The hard part though is in coming up with the right lyrics, and there’s a reason why most songwriters’ work spaces look like a printing press that’s just weathered a tornado. Following are eleven secrets, if you will, that will hopefully help you with this process of finding the right words and stringing them together to create your own lyrical masterpiece.
Write what you know
You can’t write about love if you don’t know what it’s like to have fallen in love. You can’t write about despair if you don’t know what it’s like to have lost. You see the thing is music, in a lot of ways, is like body-language. In-congruence and insincerity shows through unlike most other forms of communication. So if you want your listeners to believe in what you tell them, make sure that you’ve lived every word of what you say.
Tap into your past
This might sound obvious, but there are so many songwriters around today that try writing about what they think people want to hear about. The problem with this is that they hardly have anything to draw upon. So use every moment you’ve lived and learned to your advantage and your lyrics will be all the more compelling.
Make it relatable
Listening to a song and being able to relate it to something that’s happened in your own life or something which you’ve felt yourself is a profound experience. And the truly great lyricists of the world know and use this fact to their advantage.
Don’t be too vague
There’s something incredibly beautiful in how two people can listen to the same song and infer two completely different meanings out of it. And this freedom and room for interpretation is also a mark of truly great lyrics. But that said, you should also avoid being too vague and not having any concept or story whatsoever. Remember, your listener wants you to leave room for the imagination but they also want you to lead them at the same time.
Know what you want to say
I doubt there’s any songwriter in this world that sets out to write lyrics knowing exactly what he or she is going to say from start to finish. But, it’s important to have at least a vague idea of what you want to say through the lyrics. Not only will this prevent you from getting lost in your own rambling and frustrating your listeners, but will also makes the writing process so much easier.
Write, write and then write some more
The one proven way to become a master at something is to do it and keep doing it over and over again. And so it is with lyric writing. In the same way that it takes a guitarist a few thousand hours to find his signature tone and it takes a singer a few hundred performances to find his singing voice, it will take you as much time to find your writing voice with your lyrics.
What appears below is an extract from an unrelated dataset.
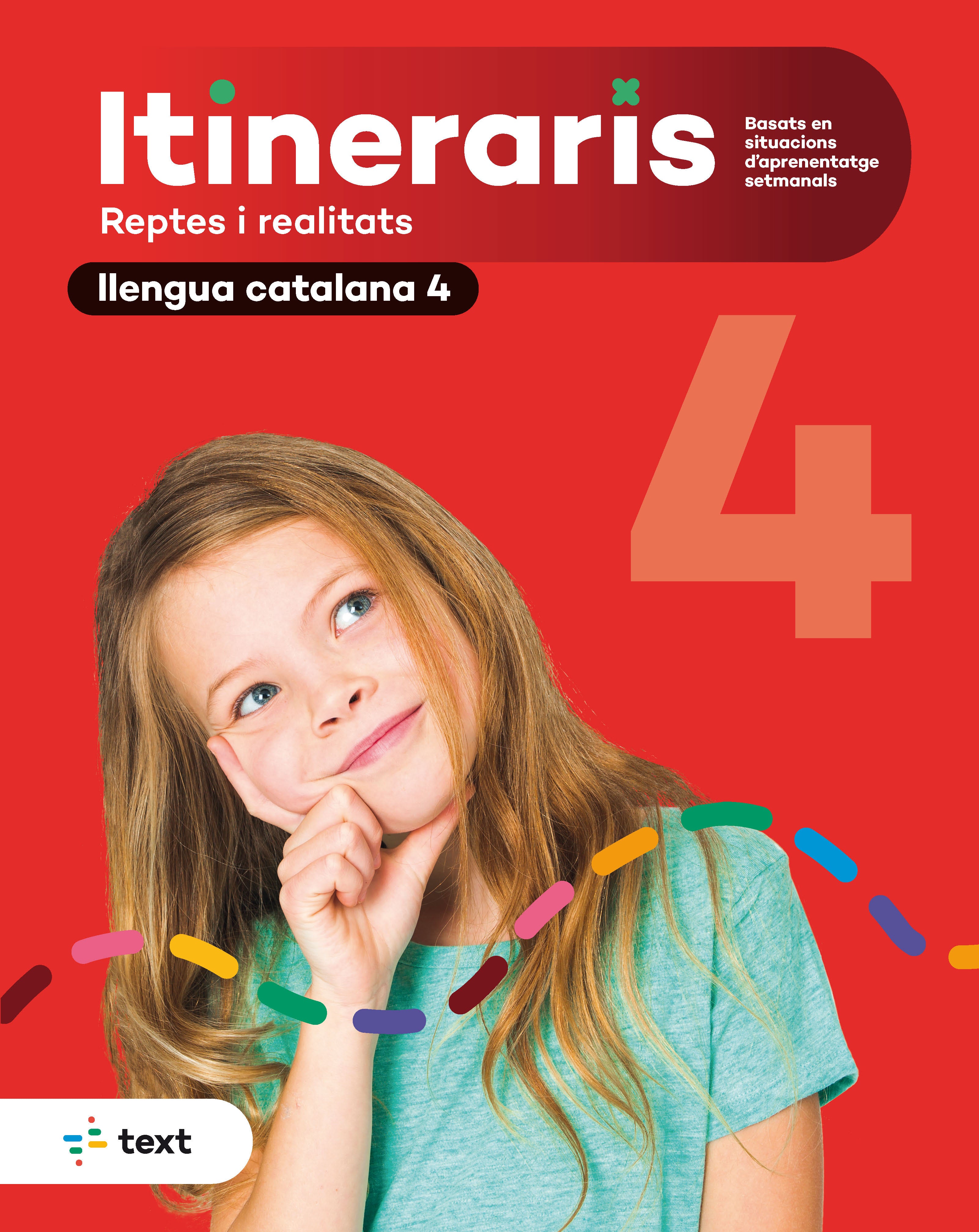 Itineraris. Llengua catalana 4. Toro I Lienas, Lara (Text) 9788441234871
Like there would be no Jeff Loomis if there were no Yngwie Malmsteen, and no Yngwie Malmsteen if there were no Ritchie Blackmore, and no Ritchie Blackmore if there were no – well you get the idea. The creative mind needs inspiration and influences as much as an artist needs his eyesight. So seek out lyricists and writers whose work inspire and excites you and spend your free time studying their technique and style.
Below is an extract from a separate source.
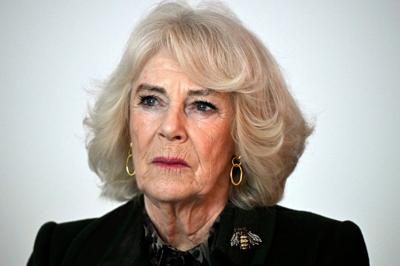 UK's Queen Camilla recalls assault in 1960s as she campaigns against domestic violence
There’s a reason why writers refer to their craft as ‘battling the blank page.’ And that’s because writing can be hard; incredibly hard at times to be exact. And the only sure-fire way to overcome any and all literary obstacles is through perseverance. In a Rolling Stone interview in 1971 John Lennon said that he spent so long trying to come up with the lyrics for Nowhere Man that he actually drove himself into a state of paranoia because he just wasn’t able to produce any words. And he has said that the lyrics finally gushed out of him in one gulp when he lay down and tried not to write.
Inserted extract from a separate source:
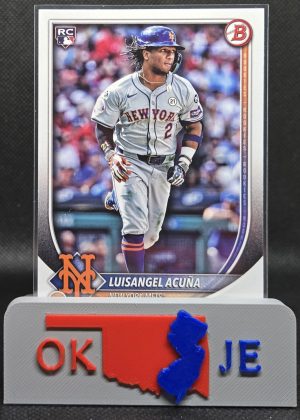 Luisangel Acuna 2025 Bowman Rookie Base No 83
Use literary devices to your advantage
You don’t need to be an English literature major to be a great lyricist. Just knowing the basics of rhyming patterns, alliteration, imagery and metaphors can carry you a long way through your literary journeys. That said, you should never be hesitant to learn. After all, there is no such thing as worthless knowledge.
Keep singing in mind
This is especially important if you’re writing lyrics to a piece of music that is already composed. But it’s all too easy to lose your bearings when writing and constructing what you feel are compelling lyrics only to realize that they’re awkward or downright impossible to sing. While most songwriters tweak their melodies and lyrics simultaneously, it is always advisable to keep in mind the fact that you ultimately need to sing what you write.
Write to your audience
It’s common sense that you wouldn’t write the lyrics to a country song the same way in which you would write the lyrics to a heavy metal song. Knowing how to tailor your story to your audience is almost as important as being able to tell your story well.